Pictures with short captions:
*** Begin section ***

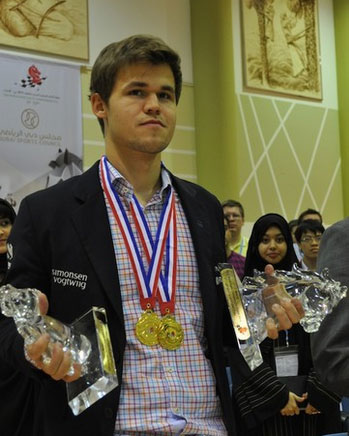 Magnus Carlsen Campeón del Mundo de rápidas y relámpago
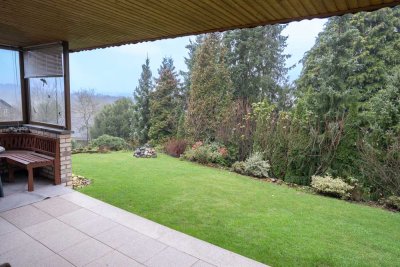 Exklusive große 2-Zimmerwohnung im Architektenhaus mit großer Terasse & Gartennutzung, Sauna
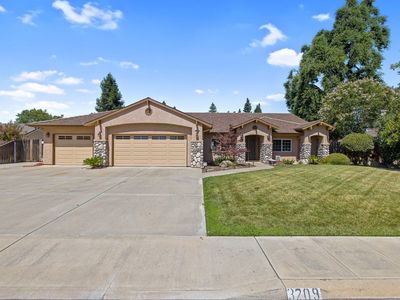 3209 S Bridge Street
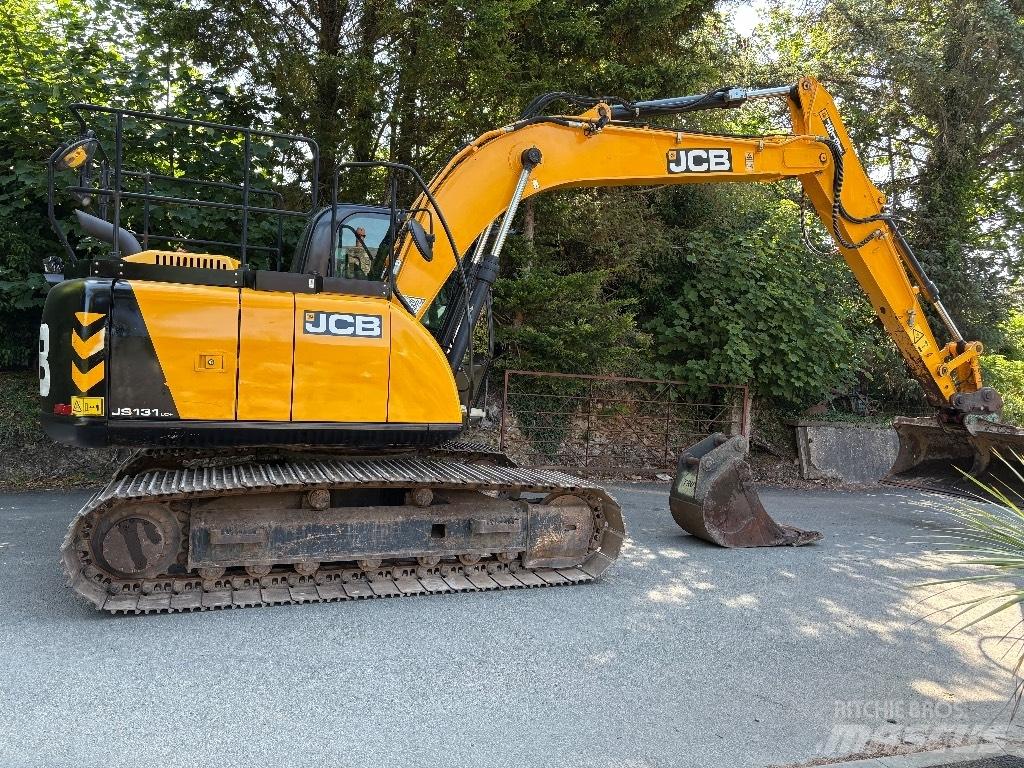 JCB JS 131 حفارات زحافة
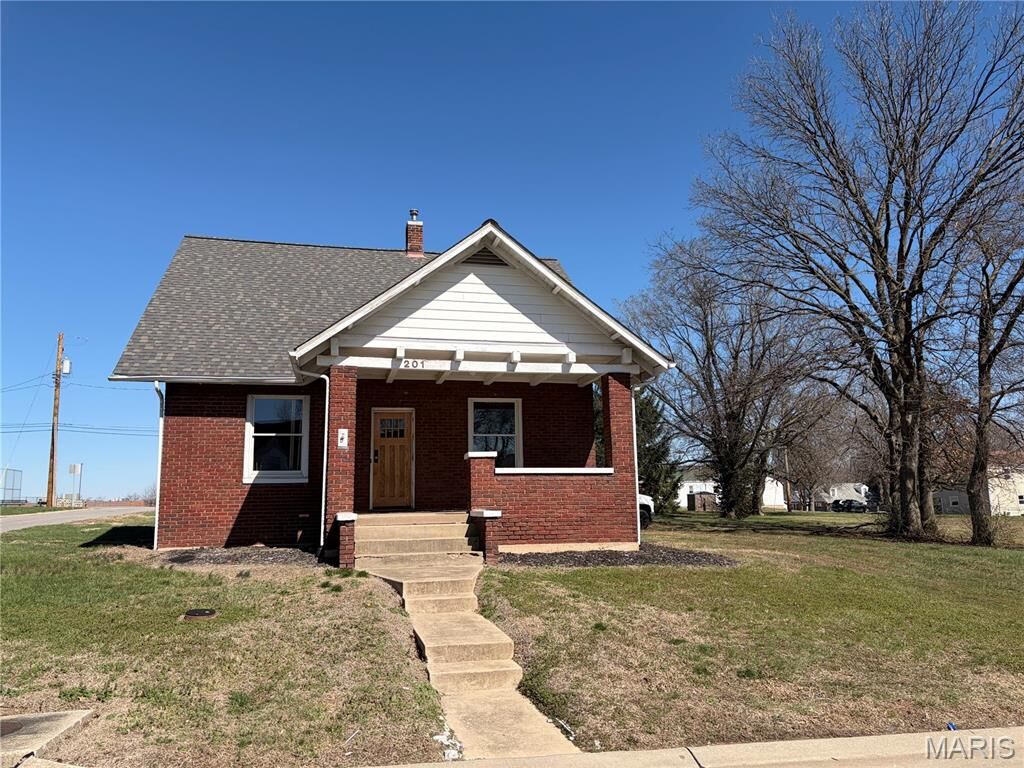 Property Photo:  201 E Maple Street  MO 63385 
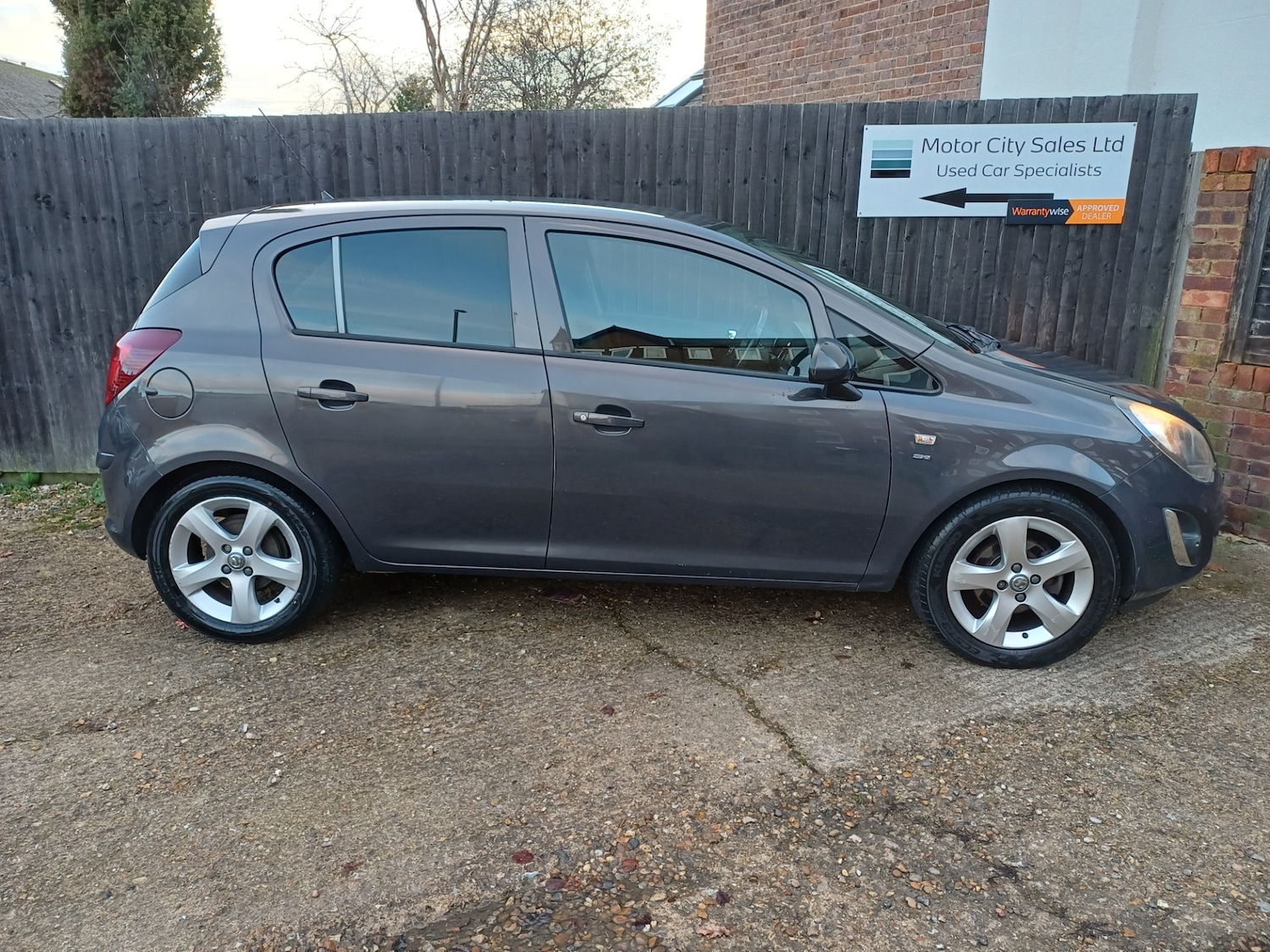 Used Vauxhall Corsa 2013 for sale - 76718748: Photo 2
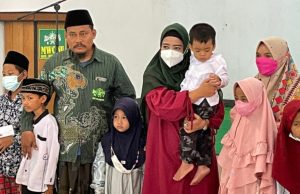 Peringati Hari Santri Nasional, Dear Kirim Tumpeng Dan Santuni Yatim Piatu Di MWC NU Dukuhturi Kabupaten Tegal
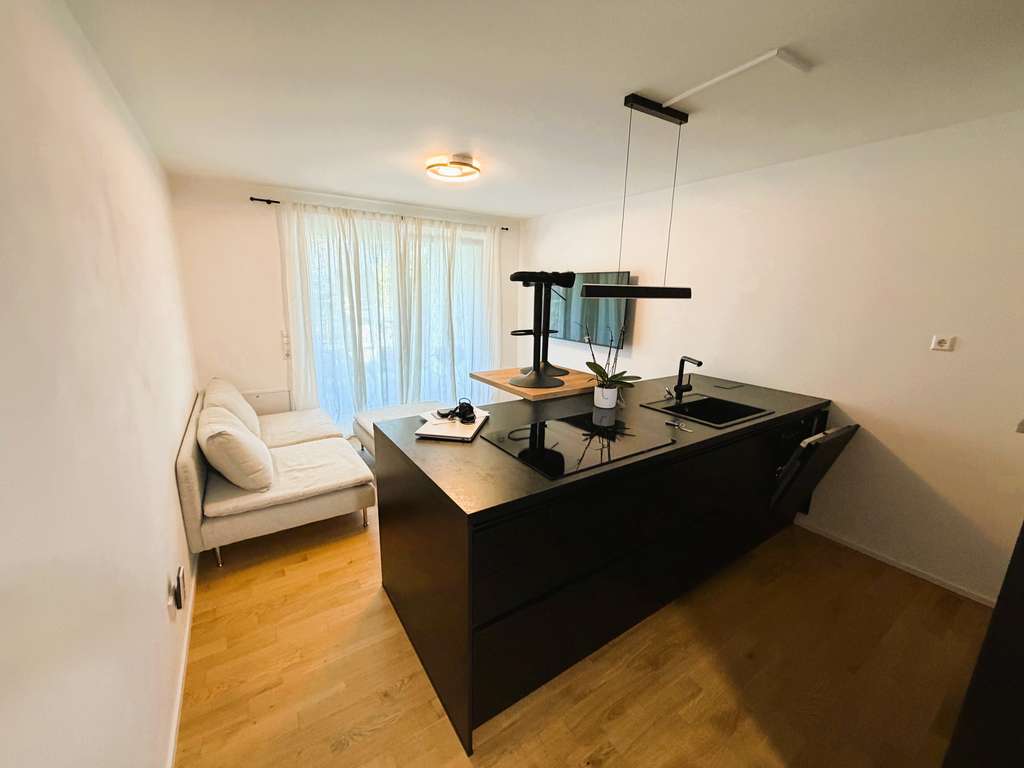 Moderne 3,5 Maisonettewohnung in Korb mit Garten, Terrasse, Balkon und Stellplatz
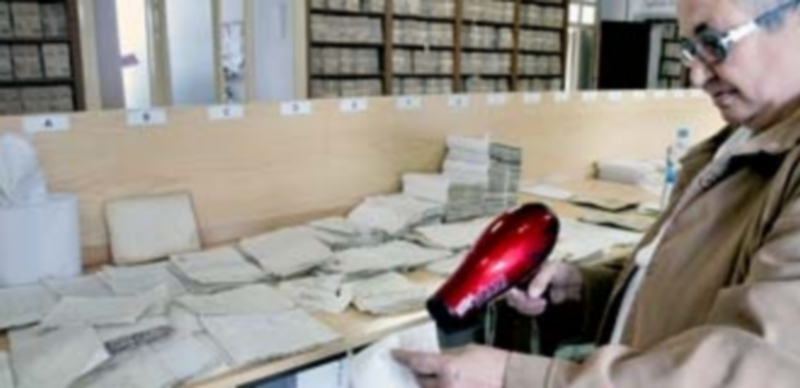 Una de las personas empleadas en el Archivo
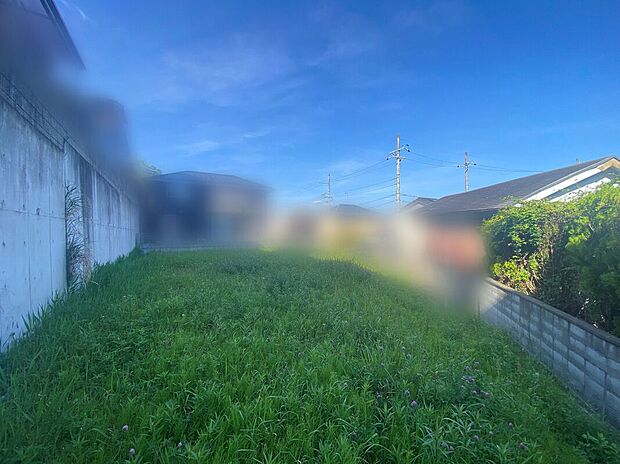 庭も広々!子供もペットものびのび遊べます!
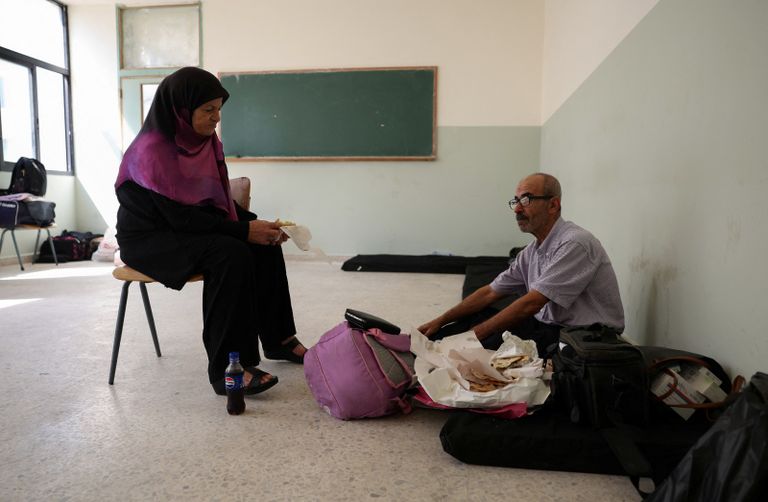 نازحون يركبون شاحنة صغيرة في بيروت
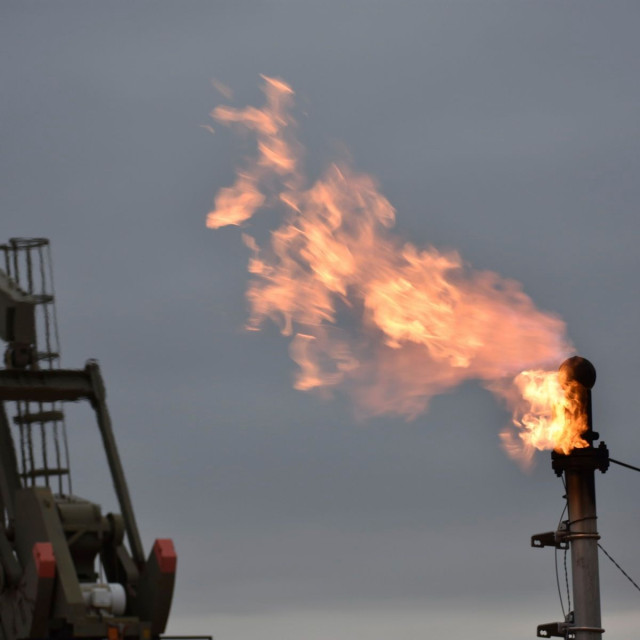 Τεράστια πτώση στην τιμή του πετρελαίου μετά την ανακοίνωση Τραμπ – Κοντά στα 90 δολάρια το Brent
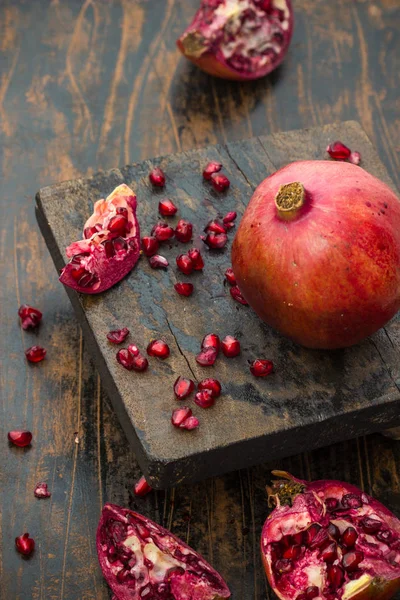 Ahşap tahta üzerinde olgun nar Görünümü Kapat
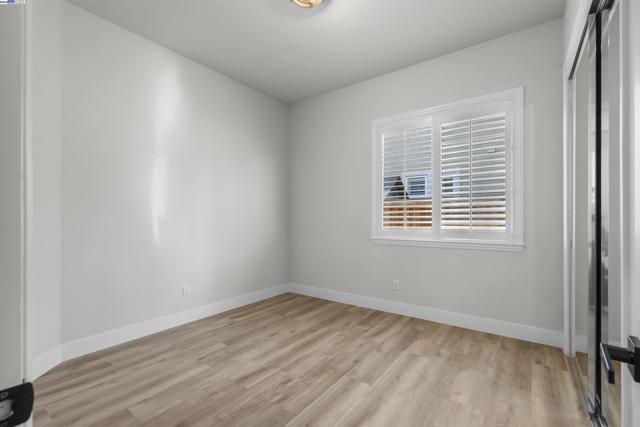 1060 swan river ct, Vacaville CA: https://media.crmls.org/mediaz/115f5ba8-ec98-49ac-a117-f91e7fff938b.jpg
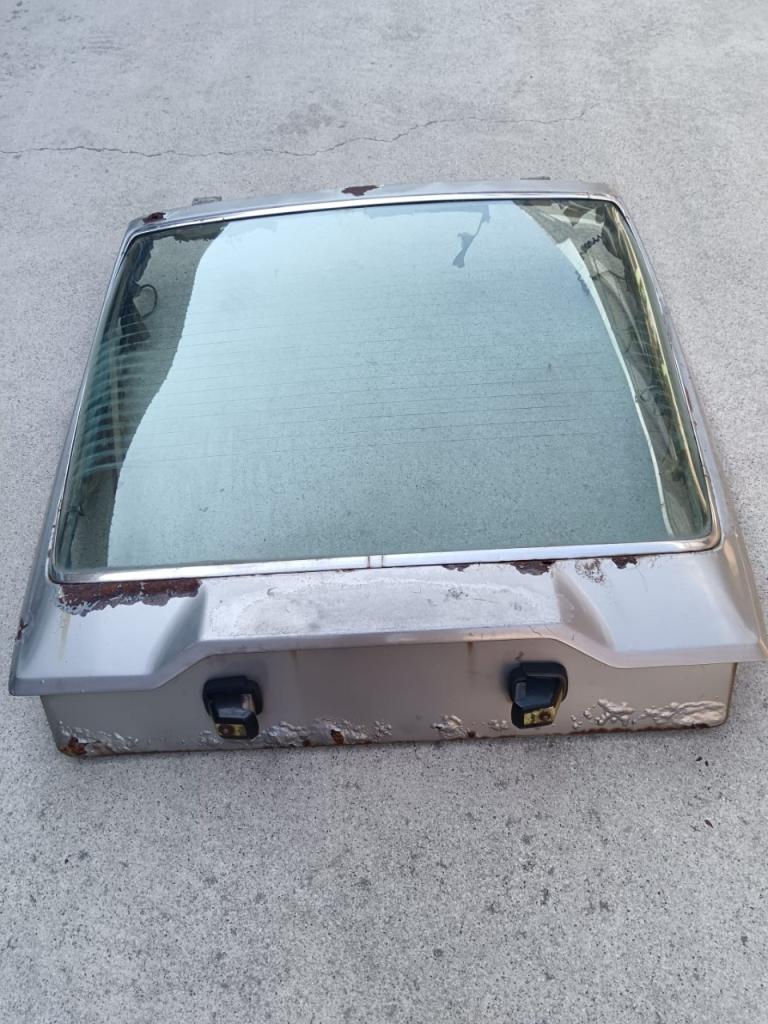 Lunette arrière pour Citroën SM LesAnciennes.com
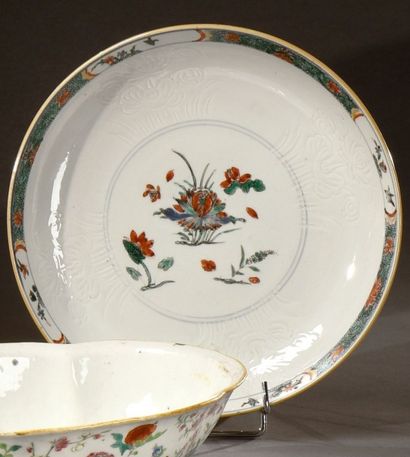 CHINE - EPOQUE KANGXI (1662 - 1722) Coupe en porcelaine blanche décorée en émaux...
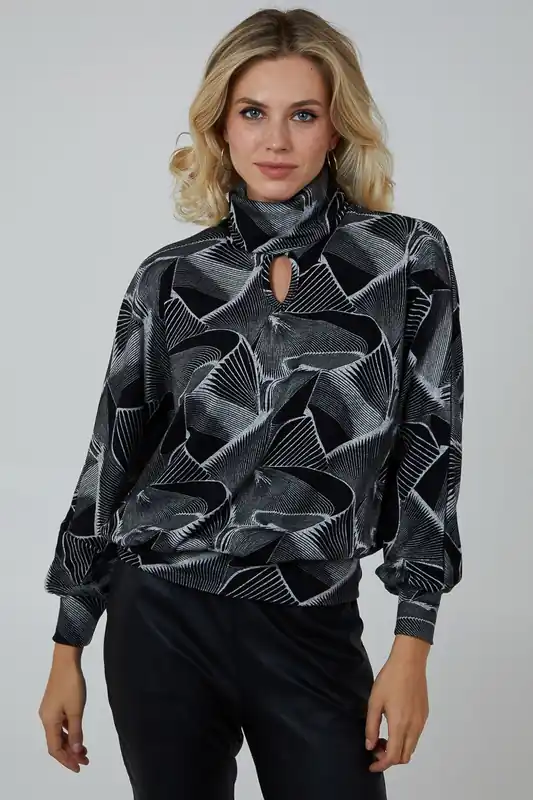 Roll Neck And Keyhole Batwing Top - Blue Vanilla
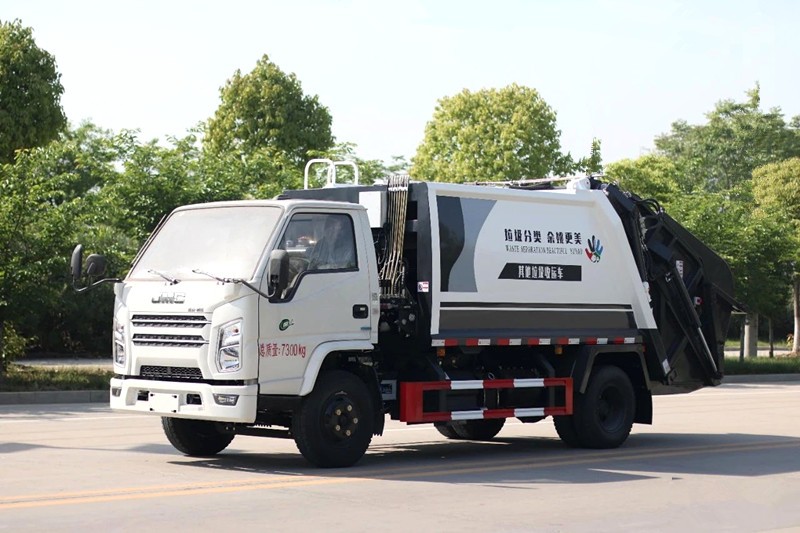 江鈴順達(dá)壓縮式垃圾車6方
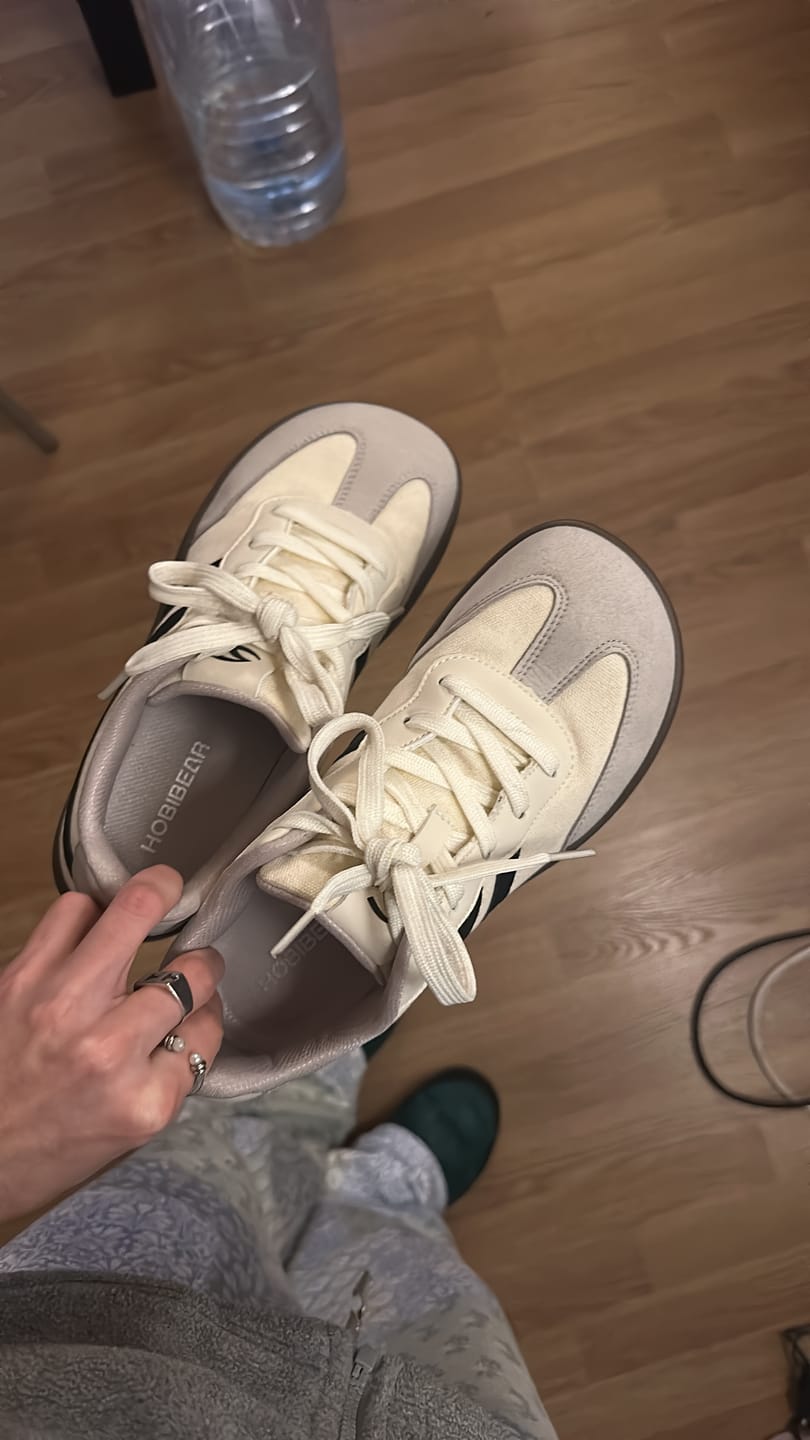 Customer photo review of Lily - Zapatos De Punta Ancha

*** End section ***

## [The problem]
In the answer, give only the lines from the top of the data above through the line with "201 E Maple", reproduced exactly; no picture may appear.

## [Result]
 Magnus Carlsen Campeón del Mundo de rápidas y relámpago
 Exklusive große 2-Zimmerwohnung im Architektenhaus mit großer Terasse & Gartennutzung, Sauna
 3209 S Bridge Street
 JCB JS 131 حفارات زحافة
 Property Photo:  201 E Maple Street  MO 63385 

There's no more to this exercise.